Let \(\hat{\eta}^{0}_{Z}\) and \(\hat{\mu}_{0}=\hat {\mathbf{H}}^{0}(\hat{\eta}^{0}_{Z})\) (and possibly \(\hat{\mathbf {H}}'^{0}(\hat{\eta}^{0}_{Z})\)) be the current estimates. Replacing the functions H (and H′) by their current estimates, \(\hat{\mathbf{H}}^{0}\) (and \(\hat{\mathbf{H}}'^{0}\)), in formulas given in (6), \(\hat{\eta}_{Z}=\beta_{0}+\sum_{j=1}^{p}\hat{f}_{j}(\mathcal{X}^{j})\) is then obtained by fitting an additive model of \(\tilde{Y}\) on Z with weights \(\hat {W}\). If the link must be estimated, then the systematic component is rescaled to fulfill identifiability conditions.

Loop 2. (G-GKAM only) :

Fixing \(\hat{\eta}_{Z}\), the two estimates \(\hat{\mu}_{0}=\hat{\mathbf{H}}(\hat{\eta}_{Z})\) and their derivatives are then obtained by fitting a regression model of Y on Z weighted by \(V_{0}^{-1}\) using a polynomial local kernel estimators in order to also have estimations of the derivatives.

These two loops are repeated until the relative change in deviance is negligible.

At each iteration of the estimation algorithm, the partial functions are estimated by applying Nadaraya–Watson weighted kernel smoothers to the data \(\{\mathcal{X}^{j},R^{j}\}\) with weights \(\hat{W}\), R j being the residuals associated to \(\mathcal{X}^{j}\) obtained by removing the effect of the other covariates. In this paper, for each \(\hat{f}_{j}\), the corresponding bandwidth h j is selected automatically by minimizing, in each of the cycles of the algorithm, the weighted GCV error criterion, whereas the bandwidth for estimating the link function (if needed) is found minimizing the cross-loglikelihood error criterion (analogous to (5)). In all cases, the computation of the optimal bandwidths are done in a suitable grid, although any other unidimensional algorithm is possible.

As initial estimates, we consider \(f_{j}^{0}:=0\), \(\beta_{0}=g(\bar{Y})\) for a GKAM model, and in the case of a G-GKAM, β 0=0, \(f_{1}^{0}=\int\mathcal{X}(t)\,dt\), and \(f_{j}^{0}=0\), j≠1.

3.1 Practical considerations

There are several practical aspects that must be taken into account when implementing the above steps:

  • The contribution of every partial function in the response can be measured in terms of the determination coefficient with respect to the linearized response η. This information, jointly with the effective number of parameters (eqPar) of the partial function, gives an idea about the importance of that functional covariate and its complexity. In our case, the effective number of parameters of partial function i is defined as \(df(S_{j})=\operatorname{trace}(S_{j})\) where S j is the smoothing matrix of the partial function f j .
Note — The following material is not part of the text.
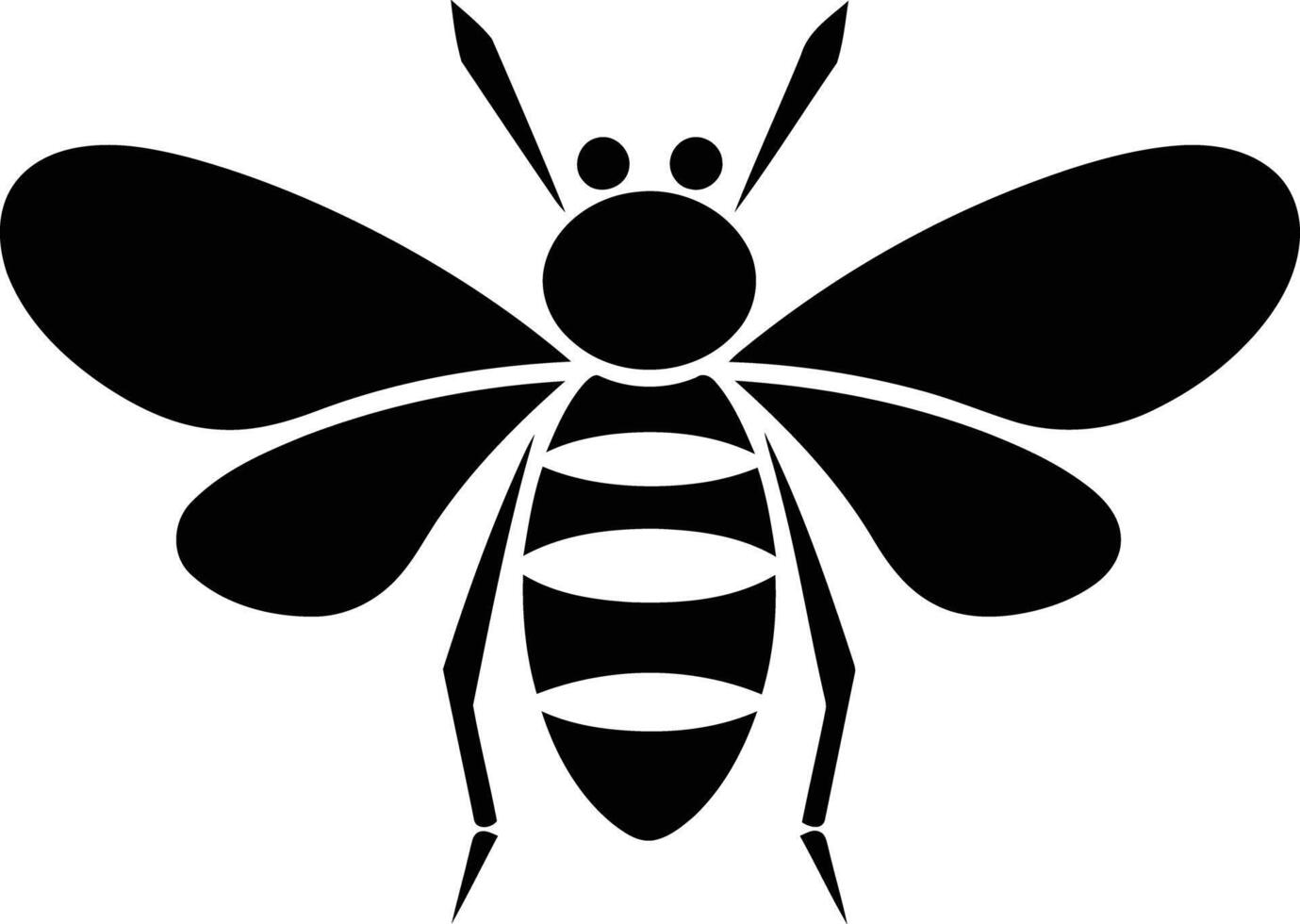 Simple, stylized black bee silhouette with wings spread vector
  • The bandwidth for every step is selected applying a GCV criterion in order to maintain the algorithm in a reasonable time consuming. Every GCV criterion uses a penalizing term which is a function of the eqPar consumed by the model. In our case, at each step, we have employed the global degree of freedom as a penalizing term (the sum of eqPar from the current estimation of partial functions).

  • Stop criteria. As usual in the univariate case, the algorithm stops when the following both conditions are satisfied: (1) \(|f_{i}^{j}(\mathcal{X}_{i})-f_{i}^{j+1}(\mathcal{X}_{i})|\le\epsilon |f_{i}^{j}(\mathcal{X}_{i})|\), and (2) \(|\hat{\eta}^{j}-\hat{\eta }^{j+1}|\le\epsilon|\hat{\eta}^{j}|\), ϵ being a precision constant.
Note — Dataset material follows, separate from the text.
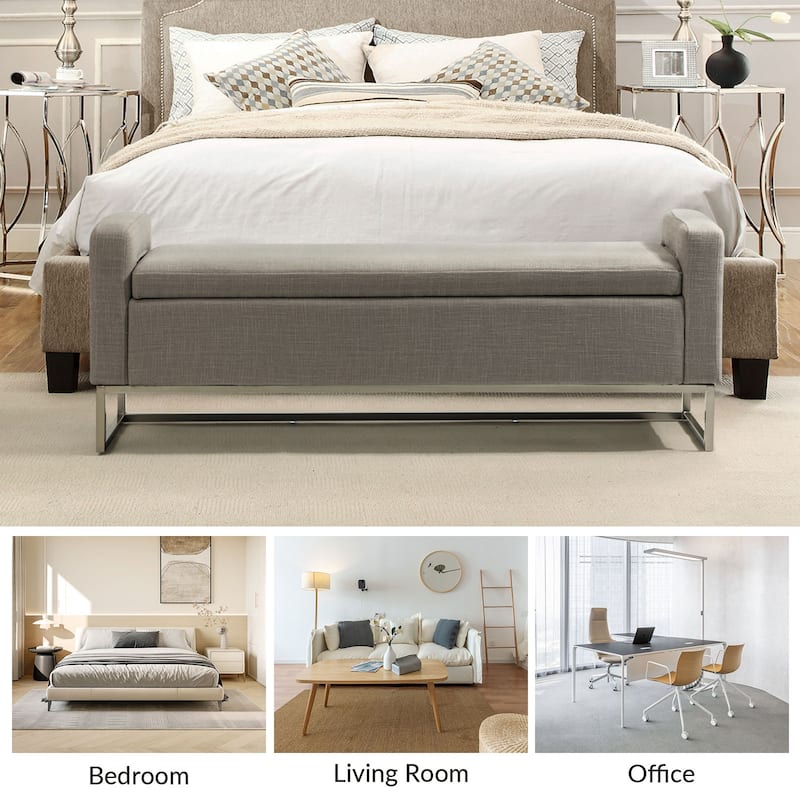 Diana Modern Upholstered Filp-Top Storage Bench with Sturdy Metal Legs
  • When the response is binary, the inverse of weights at each step could be arbitrary close to zero because the probability could be close to zero or one. Typically, those data are discarded. If this occurs for too many curves, the algorithm could try to estimate the partial functions without enough data. To avoid this, when the number of weights significantly distinct from zero are less than the equivalent number of parameters of the estimator, the algorithm stops.
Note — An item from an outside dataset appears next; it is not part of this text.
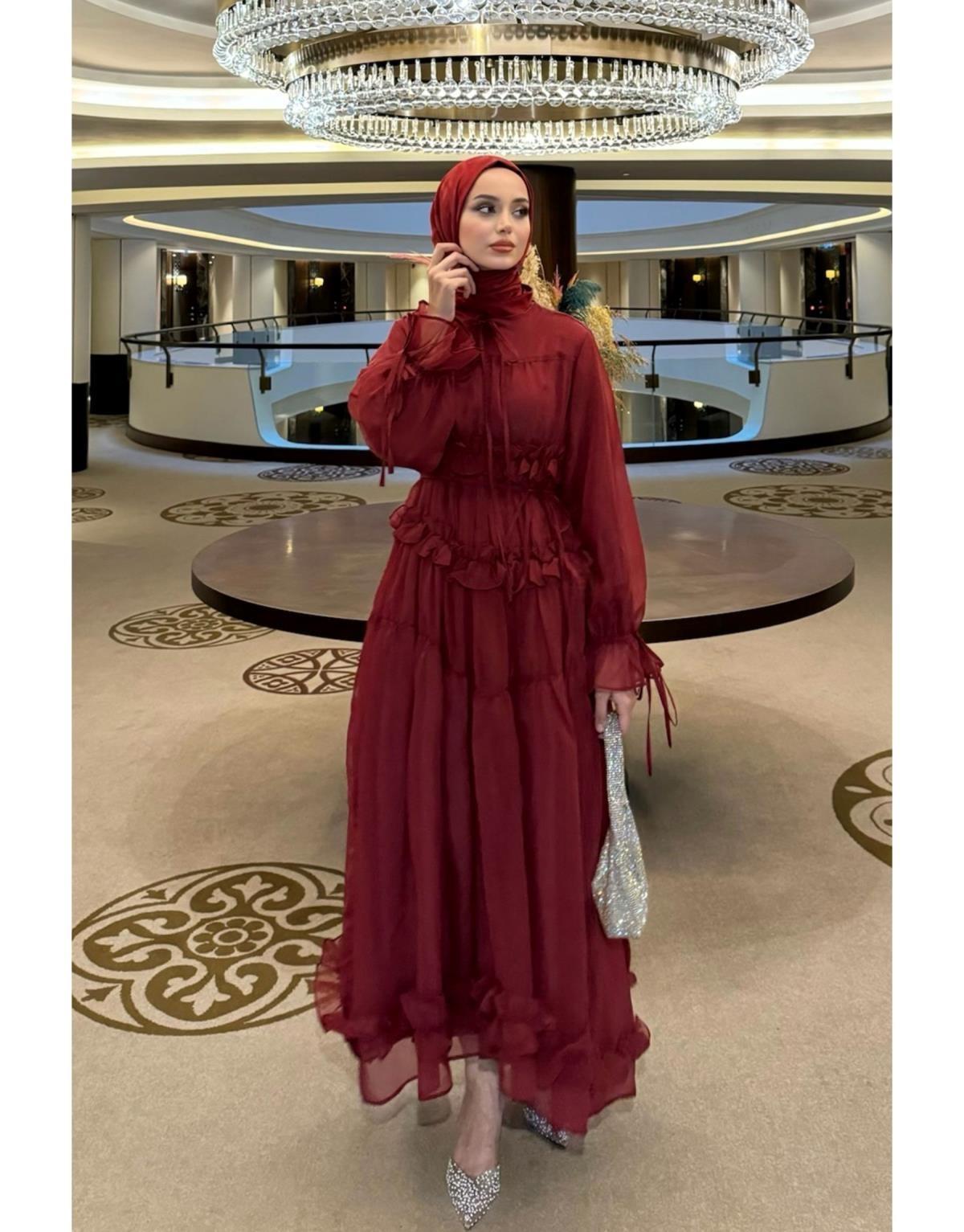 Vintage Elbise Bordo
  • The known problems of additive models for univariate data have their reflection in the functional context. The boundary effect of the Nadaraya–Watson estimators also applies here, boundary effect meaning that a curve is not closely surrounded by others. Also, additive models could suffer concurvity (some smooth terms could be approximated by one or more of the other smooth terms). In functional context, concurvity occurs when certain relationship among the distances holds, and so, avoiding those terms based on similar distances (for example, the \(\mathcal{L}_{2}\) distance and semimetric of principal components) should be enough to ensure that the algorithm does not break down. The distance correlation mentioned above could be a useful tool providing a measure of dependence between distances discovering what information in one distance is similar to another.

4 Simulation study

We have considered three scenarios to assess the performance of the algorithm proposed (FGKAM) in comparison with the other competing methods: FGLM and GSAM. These scenarios are computed from two Gaussian processes \(\mathcal{X}_{1}\) and \(\mathcal{X}_{2}\) evaluated in a fine grid of N=101 points {t 1,…,t N }∈[0,1] with covariance matrices \(\varSigma_{1}(s,t)=\frac{1}{2}\exp(-0.8|s-t|)\) and \(\varSigma_{2}(s,t)=\frac{2}{5}\exp(-0.6|s-t|)\), respectively. Also, we added a systematic sinusoidal trend to \(\mathcal{X}_{1}\).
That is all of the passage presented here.